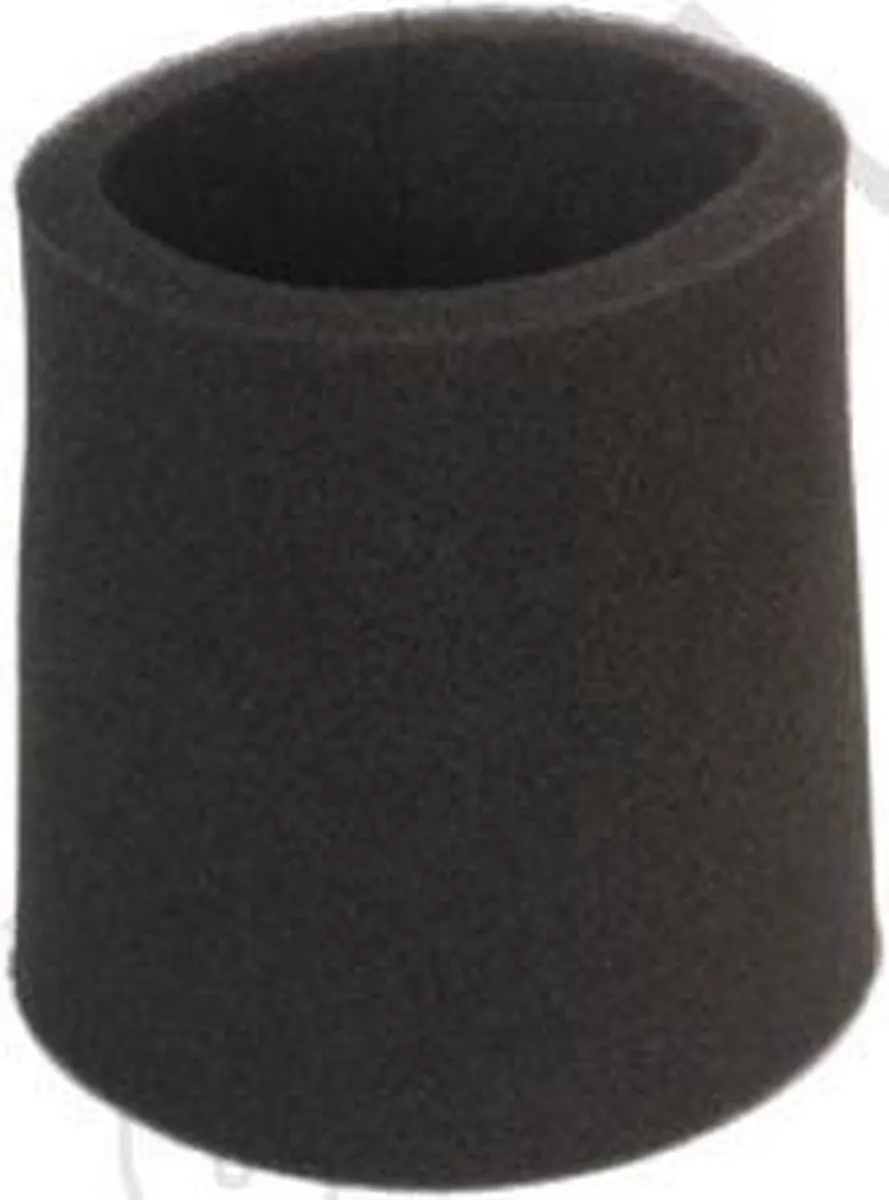 Rowenta RSRU3712 Schuimfilter Waterzuiger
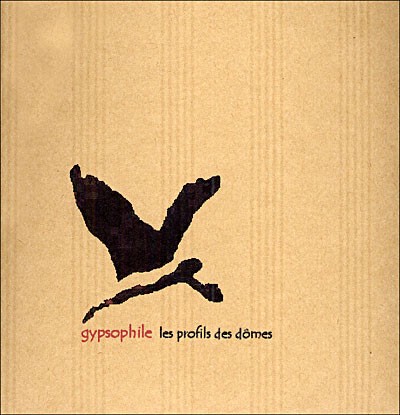 Les profils des dômes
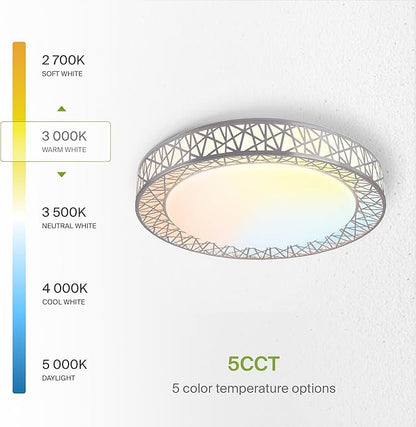 ASD 20 Inch LED Flush Mount Ceiling Light Fixture for Bedroom, 42W 2474LM 5CCT 2700K-5000K, Triac Dimmable Lights, Dining, Living Room, Kitchen Lamps, Modern Home Lighting Fixtures, Nickel, ETL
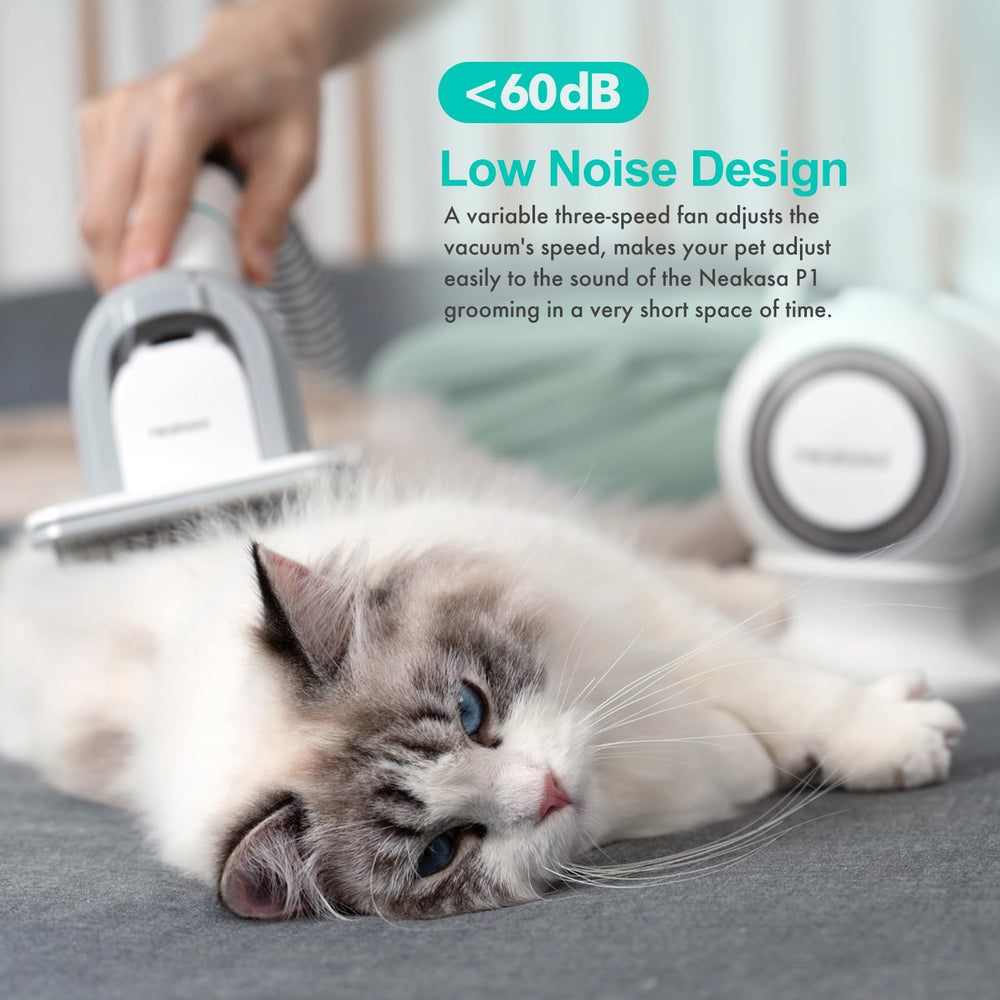 Neakasa P1 Pro fur cleanup helps reduce fur on furniture.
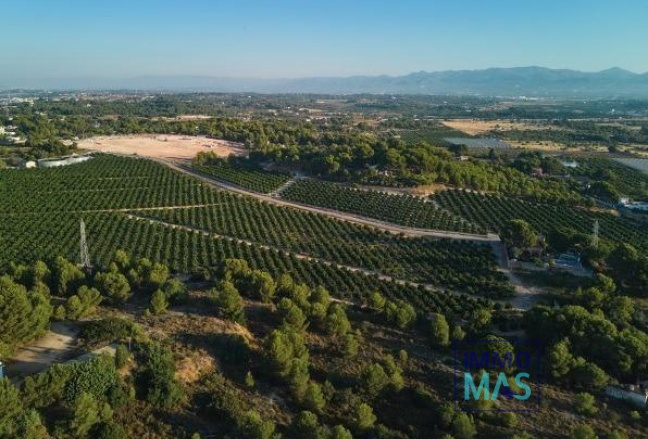 New Build - Apartment - Godella - Campolivar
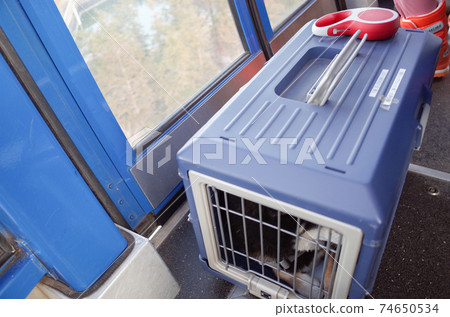 Black Shiba Inu in the carry of the ropeway 74650534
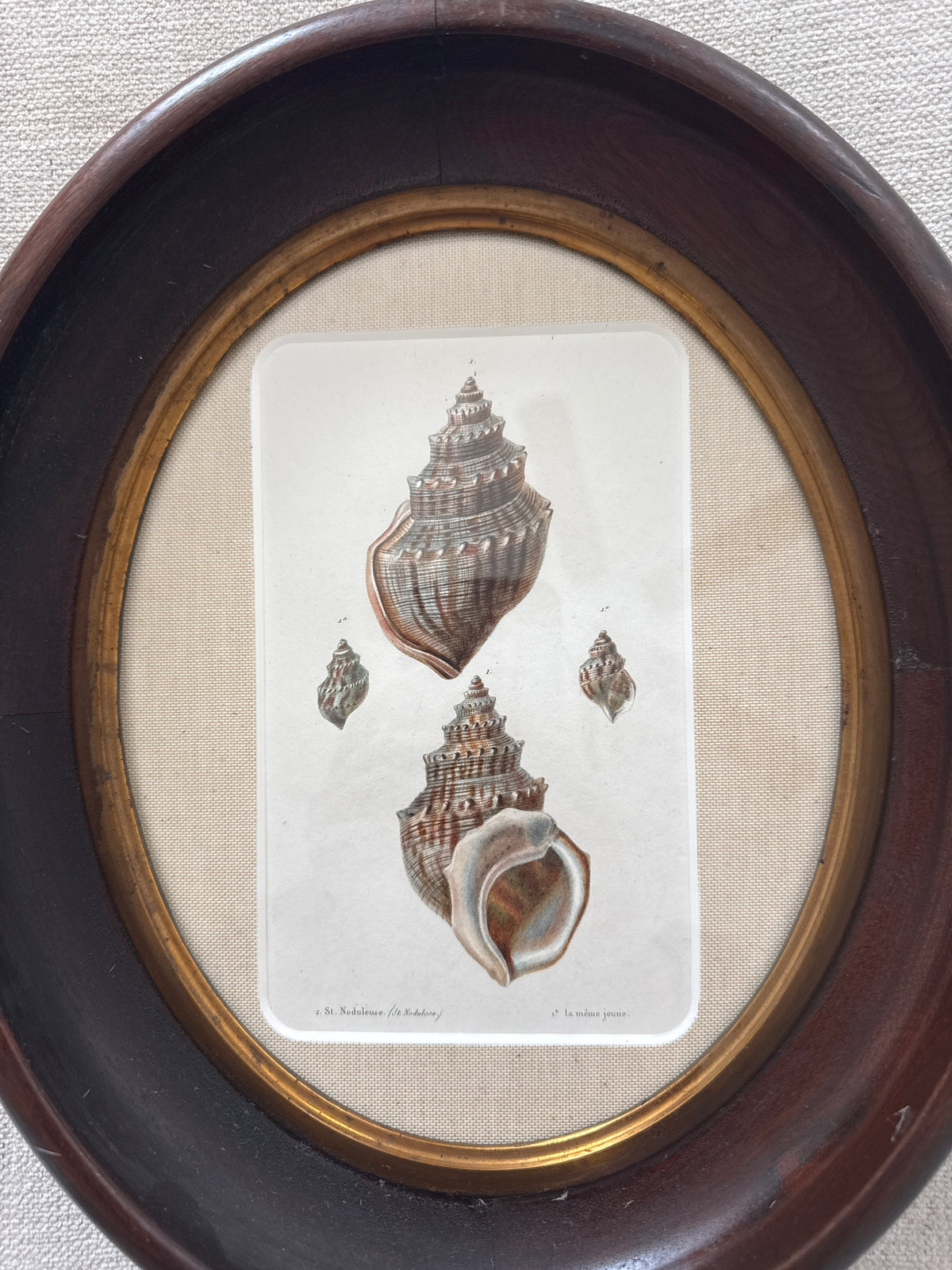 19th century shell engraving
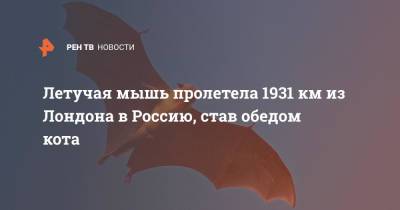 Летучая мышь пролетела 1931 км из Лондона в Россию, став обедом кота - ren.tv - Россия - Англия - Лондон - Великобритания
+++++
Directions:
Please transcribe exactly the lines from the one containing "Black Shiba Inu" through the final line of the data, including both, and nothing else. Pictures are to be left out.

Written solution:
 Black Shiba Inu in the carry of the ropeway 74650534
 19th century shell engraving
 Летучая мышь пролетела 1931 км из Лондона в Россию, став обедом кота - ren.tv - Россия - Англия - Лондон - Великобритания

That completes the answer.